Keratin 79 Identifies a Novel Population of Migratory Epithelial Cells That Initiates Hair Canal Morphogenesis and Regeneration

Natalia A Veniaminova et al. Development. .
Free PMC article

Abstract

The formation of epithelial tubes underlies the development of diverse organs. In the skin, hair follicles resemble tube-like structures with lumens that are generated through poorly understood cellular rearrangements. Here, we show that creation of the hair follicle lumen is mediated by early outward movement of keratinocytes from within the cores of developing hair buds. These migratory keratinocytes express keratin 79 (K79) and stream out of the hair germ and into the epidermis prior to lumen formation in the embryo. Remarkably, this process is recapitulated during hair regeneration in the adult mouse, when K79(+) cells migrate out of the reactivated secondary hair germ prior to formation of a new hair canal. During homeostasis, K79(+) cells line the hair follicle infundibulum, a domain we show to be multilayered, biochemically distinct and maintained by Lrig1(+) stem cell-derived progeny.
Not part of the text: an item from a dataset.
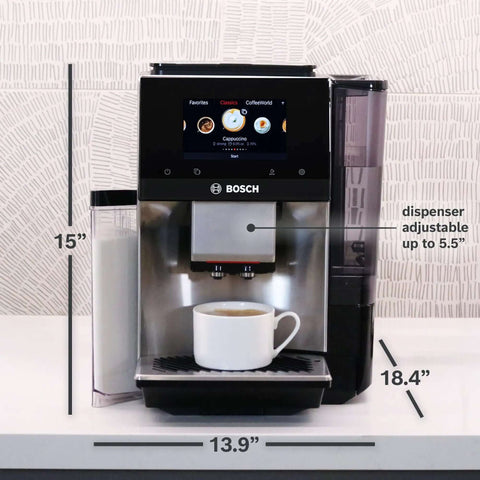 Double Cup Barista Style Home Fully Automatic Coffee Machine With 36 Drink Presets And Touchscreen Controls For Latte Macchiato Cappuccino Or Espresso Personalize Strength Size Milk Ratio And Aroma Large Bean Hopper Easy Clean Stainless Steel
Upward movement of these cells sustains the infundibulum, while perturbation of this domain during acne progression is often accompanied by loss of K79. Our findings uncover previously unappreciated long-distance cell movements throughout the life cycle of the hair follicle, and suggest a novel mechanism by which the follicle generates its hollow core through outward cell migration.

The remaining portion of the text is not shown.